• [EXERCISE DESCRIPTION] Repeat the entries exactly but omit the pictures.

• [RECORDS SUPPLIED]
* * *
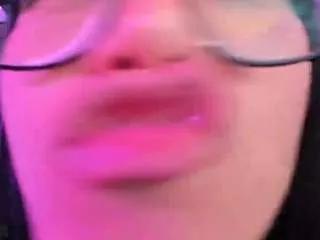 Offline alice-rausing on CamSoda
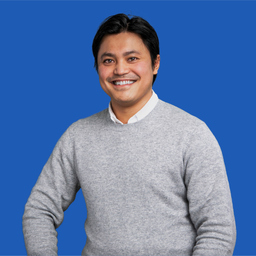 Noki Le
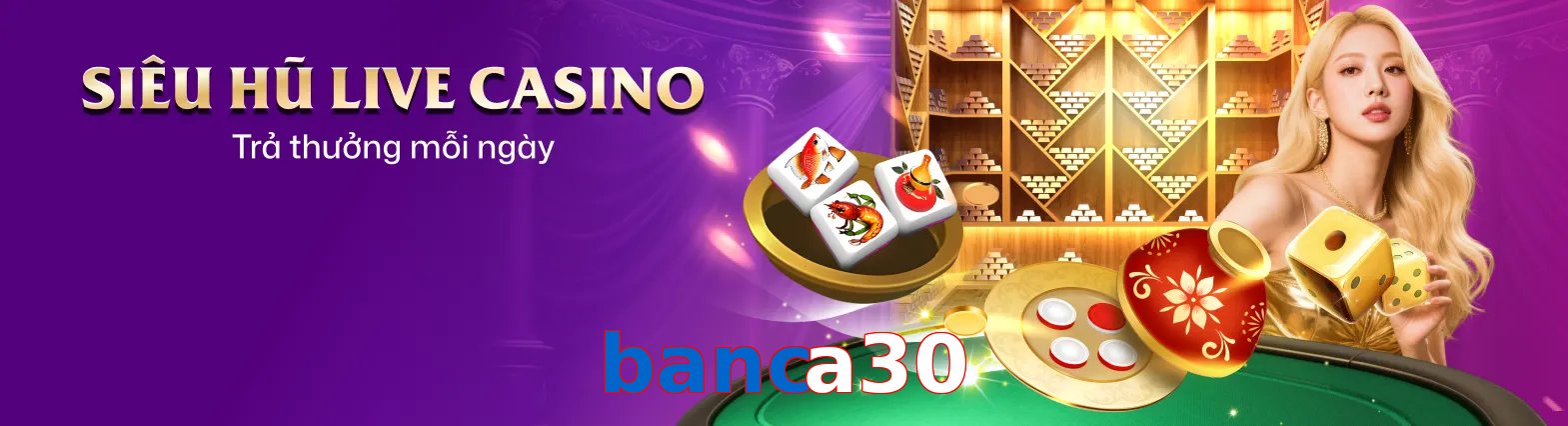 banca30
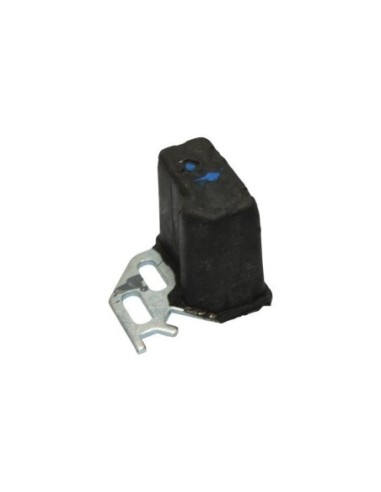 ORIGINAL BIRTH TAMPONE PARACOLPO, SILENZIATORE 7598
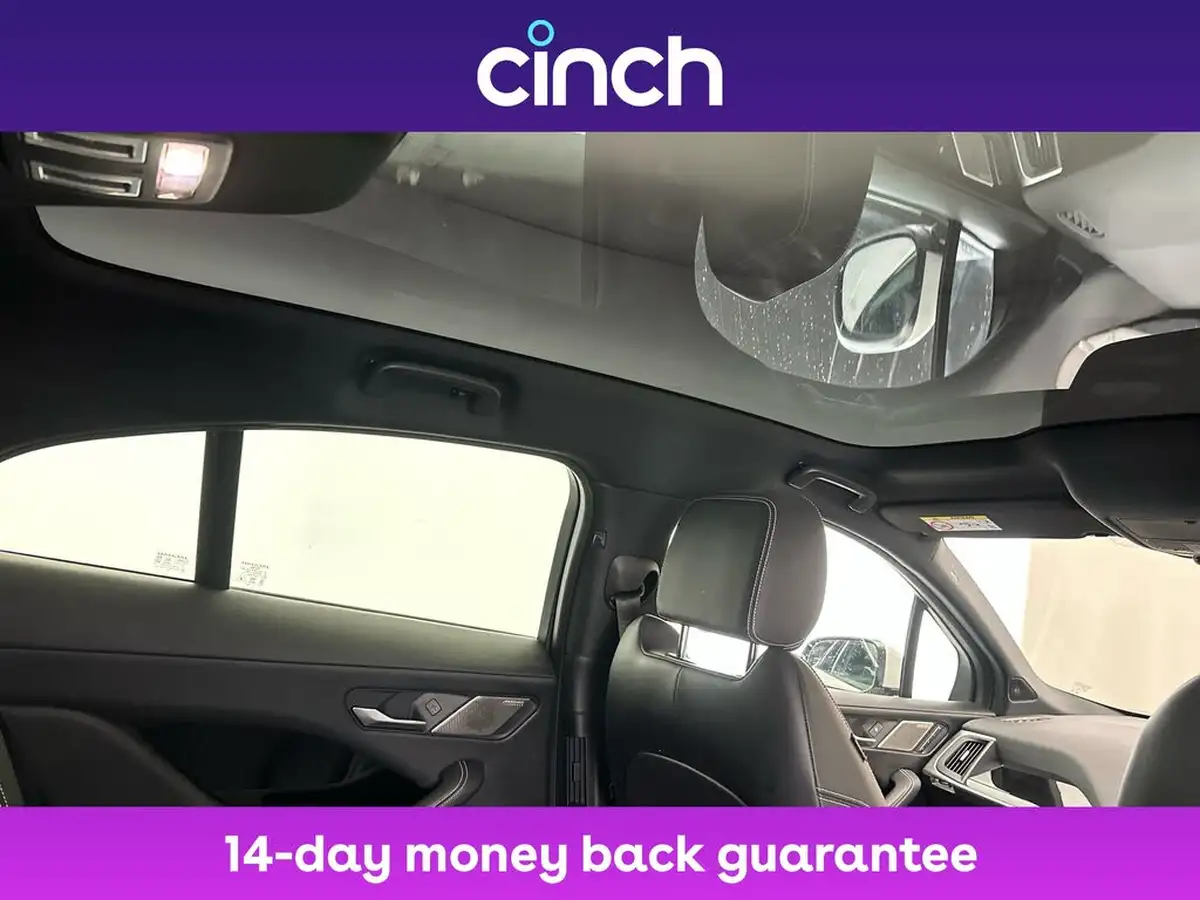 2019-jaguar-i-pace-ev400-hse-big-42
* * *
• [OUTPUT FOR THIS TASK]
 Offline alice-rausing on CamSoda
 Noki Le
 banca30
 ORIGINAL BIRTH TAMPONE PARACOLPO, SILENZIATORE 7598
 2019-jaguar-i-pace-ev400-hse-big-42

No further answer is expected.